Dans une période de changements intenses et multi-dimensionnels, les directions sont confrontées à un enjeu clé : la transformation du rapport de leurs salariés au travail et à l’entreprise qui s’incarne aussi dans la dérégulation des systèmes de relations sociales. Ce qui s’inscrit en faux par rapport à un discours ambiant sur le caractère dépassée de la place des relations sociales dans le gouvernement des entreprises...
Pour revenir à ces deux exemples, dans le premier cas, l’entreprise constatait, contre toute attente en période de mutation profonde, que la mobilisation collective et la conflictualité diminuaient. Et dans l’autre cas, elle se demandait pourquoi, alors que ses méthodes de dialogue social avaient toujours relativement bien fonctionné, les mouvements sociaux devenaient sinon plus nombreux du moins plus imprévisibles.
Dans ces deux cas, nous avons montré comment le système de relations sociales était modifié en profondeur par une accumulation de changements qui touchaient notamment aux structures, au management et aux évolutions dans le travail.
Le mode de raisonnement fourni par l’analyse stratégique permet de saisir les interactions entre les différents mécanismes en jeu dans ces phénomènes, en analysant les effets de certaines dimensions que nos interlocuteurs banalisent, naturalisent ou qu’ils ne relient pas aux phénomènes qu’ils observent.

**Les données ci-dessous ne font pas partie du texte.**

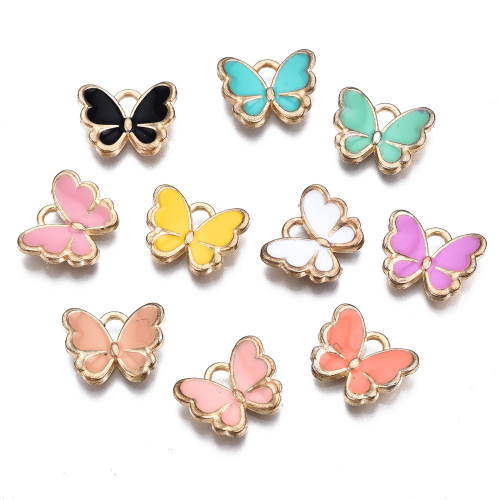 Dijes mariposa esmaltada paquete 4 und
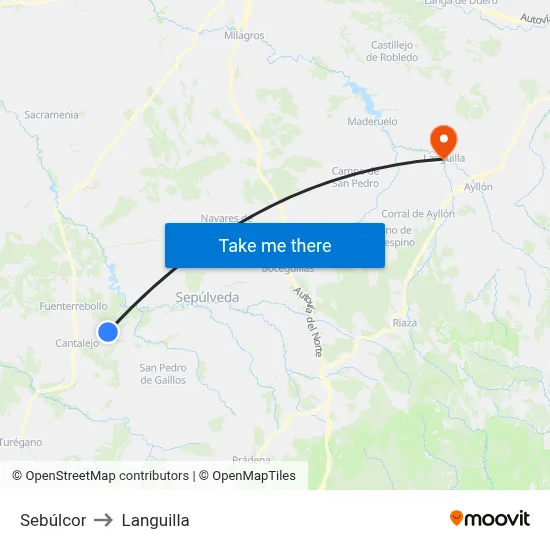 Sebúlcor to Languilla map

La compréhension de ces mécanismes vient nourrir leur réflexion sur la transformation des différents outils de régulation sur lesquels ils peuvent s’appuyer (politique de relations sociales, politique RH, arbitrages entre ce qui relève des différentes structures établissements, filiales, UES, groupe… mais aussi organisation du travail, culture managériale... )

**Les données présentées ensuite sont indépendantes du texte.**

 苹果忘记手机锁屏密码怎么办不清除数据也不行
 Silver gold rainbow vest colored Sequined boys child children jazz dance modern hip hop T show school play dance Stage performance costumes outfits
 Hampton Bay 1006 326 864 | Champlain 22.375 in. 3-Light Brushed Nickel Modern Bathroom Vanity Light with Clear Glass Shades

Quel est l’intérêt principal de ce mode de raisonnement ?
Une chose très simple et très compliquée en même temps : déplacer le regard.

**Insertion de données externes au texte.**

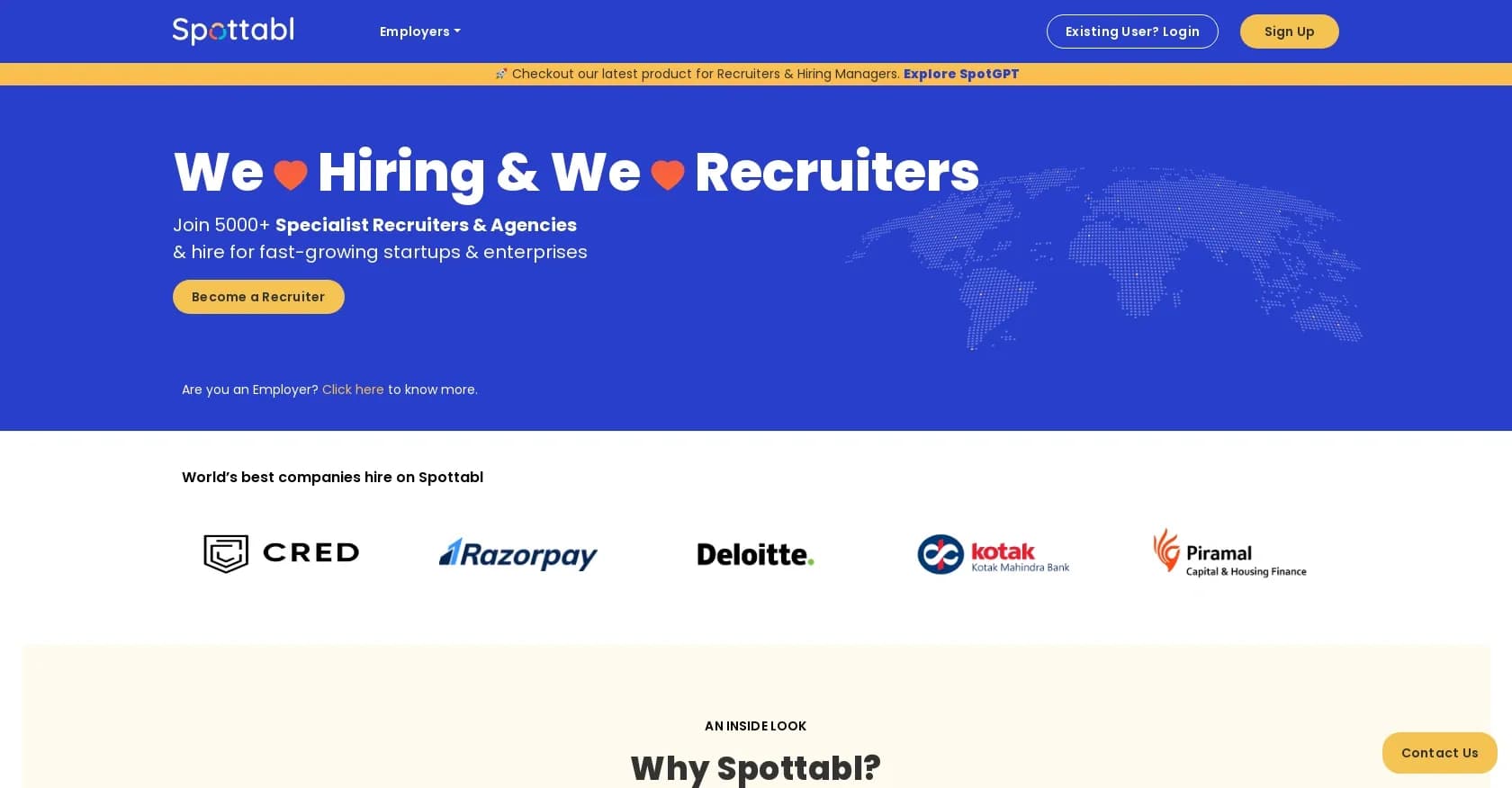 Spottabl homepage screenshot — Hire specialist recruiters on-demand for your job roles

Plus précisément, à votre avis, quels sont ses aspects les plus intéressants ? Importance de l’observation, mise à jour des faits, outil de repérage des dynamiques d’acteurs, mise à jour de la logique du système ? etc…
Toutes ces phases sont importantes et intéressantes, elles sont utiles et mobilisées à des moments différents. Mais de mon point de vue, ce qui fait vraiment la différence c’est la qualité et « l’épaisseur » du matériau d’enquête, notamment grâce à la technique de l’échantillon raisonné et ce qu’elle permet ensuite, en terme d’analyse des relations. Quand on travaille avec des dirigeants, il faut pouvoir faire le lien entre leur vision stratégique et la réalité perçue par les opérationnels. Il faut être en capacité de démontrer avec rigueur et précision comment se structurent les comportements, les logiques sur le terrain et leur chaînage entre les différentes strates de l’organisation.
E. Friedberg explique « qu’une intervention sociologique, c'est avant tout produire une connaissance et la transférer vers le système d'acteurs concerné de telle sorte que les acteurs responsables de ce système puissent développer un diagnostic commun et engager l'action qui en découle. »
On pourrait d’abord discuter le terme intervention, mais effectivement cette formulation définit dans ses grandes lignes le processus. Dans la pratique, toute la question est de le faire vivre. L’expertise, comme je l’ai dit, est une part du travail, mais dans cette activité, il faut aussi une bonne dose de savoir-faire. La place de l’expertise liée à l’analyse sociologique des organisations devient en quelque sorte relative, notamment parce que le processus « de la connaissance à l’action » est beaucoup moins séquencé qu’il ne l’est dans la formulation que vous proposez. Dans notre démarche, nous construisons avec nos interlocuteurs un processus continu et partagé de compréhension et ce qu’ils s’approprient de façon itérative va, en même temps, les conduire à revisiter leur discours, leur position ou leurs choix.